U5: Portfolio of experimentation – reflections on failure

I have been reflecting on ideas of failure in relation to my portfolio of experimentation. 

I spent a lot of last week in a deep state of failure. I was struggling to get to grips with what exactly my experiments had been about, and was worried that it had all been for nothing. 

During this project, I set out to cultivate an environment for myself in which I could write without any pressure to produce something of quality. I told myself that something was better than nothing. That learnings would come, no matter what I did. That I wouldn’t value-judge what I produced. I leaned into this. I generated writing prompts for myself and took to responding to them in a similar mindset to which I’d been reeling off my morning pages – quick and dirty, almost stream of consciousness, not reflecting on what I was doing but just writing. 

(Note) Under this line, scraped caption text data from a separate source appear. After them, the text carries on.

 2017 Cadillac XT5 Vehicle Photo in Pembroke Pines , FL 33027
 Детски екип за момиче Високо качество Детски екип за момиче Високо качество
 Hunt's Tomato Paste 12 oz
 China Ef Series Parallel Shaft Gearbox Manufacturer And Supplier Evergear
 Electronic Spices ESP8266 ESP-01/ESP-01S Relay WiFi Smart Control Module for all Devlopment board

However, on arriving at the point where I had to package up these experiments and present them to someone else, I was suddenly very conscious that, not only had I not produced anything of quality, I had deliberately not even tried. I felt like I’d held myself back from the kind of pressure and expectation that I need to produce writing I’m proud of.

Talking to the cohort during our feedback and Fall Festival of Failure session, Marsha reminded me that I had made a deal with myself. I’d promised I wouldn’t value judge. I hadn’t set out to produce writing of quality. My aims had been elsewhere. But what had I set out to produce? What was the point? The other students asked me the same question. Where is this going? What’s the point for you and your practice? 

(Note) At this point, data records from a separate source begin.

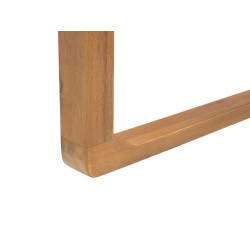 Zestaw ogrodowy dla 8 osób SASSARI z poduszkami Drewno akacjowe Szary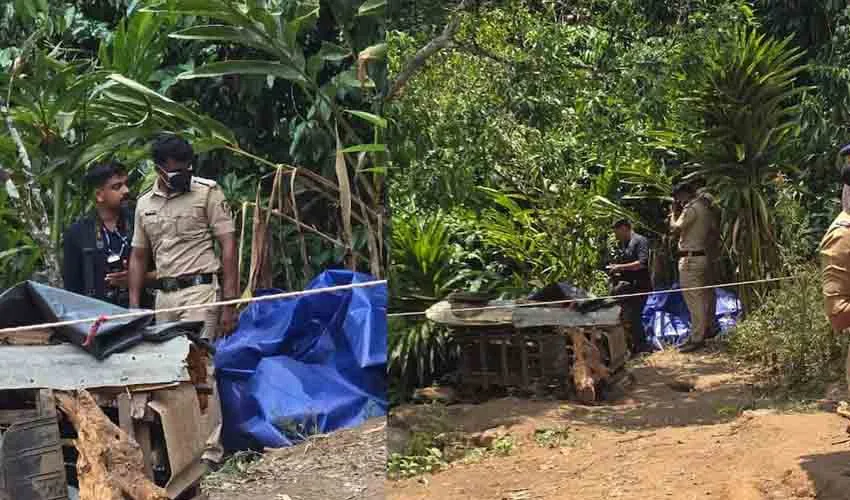 നെടുംകണ്ടത്ത് നാടിനെ നടുക്കിയ ക്രൂരത: അമ്മയെയും മകനെയും കൊന്ന് കുഴിച്ചുമൂടിയ നിലയില്‍; ഇളയ മകന്‍ ഒളിവില്‍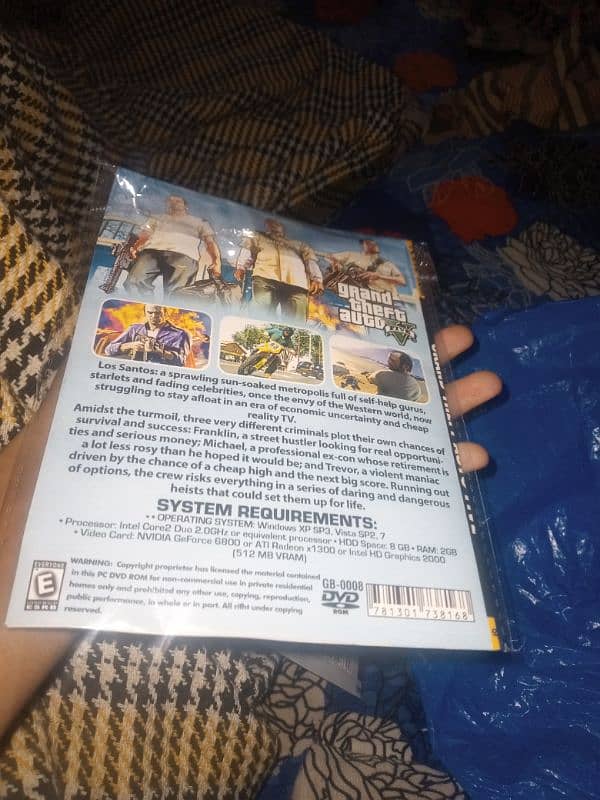 GTA 5 dvd 1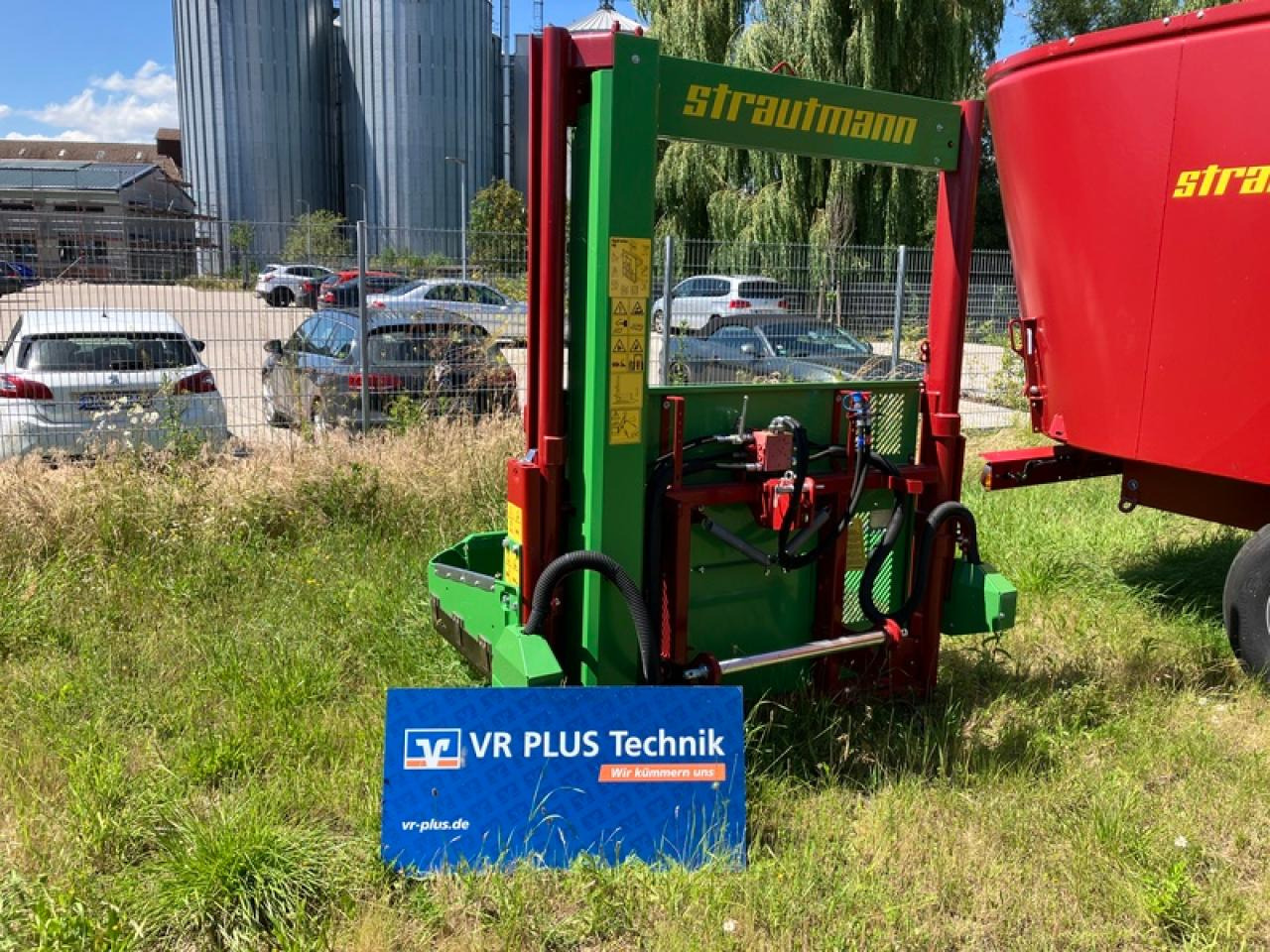 Strautmann HQ PLUS 2200 AKTION - Peralatan silo: gambar 1 Strautmann HQ PLUS 2200 AKTION - Peralatan silo: gambar 1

We’re being marked this term against the ‘anticipatory competency’. 

If this competency is about being able to look ahead and know what experiments are worth undertaking, had I failed? Starting these experiments, I wrote on my blog:

I’m particularly interested in exploring modes of storytelling and of representing the other (in an expansive sense, where the other is any other person) – and across real and fictionalised lines. Coming from a perspective of interculturality, this will mean engaging with ideas of cultural appropriation and speaking to or with, not for. I’m hoping to challenge the way I navigate between objectivity and subjectivity in my work and shift my relationship with truth – to understand it in a different way. 

I think I need to remember that the writing I’ve undertaken has been a small part of my experiments. I’ve also done translation (which, incidentally, I am proud of) and I’ve been developing techniques for reading and analysing my own and others’ writing, as well as undertaking research.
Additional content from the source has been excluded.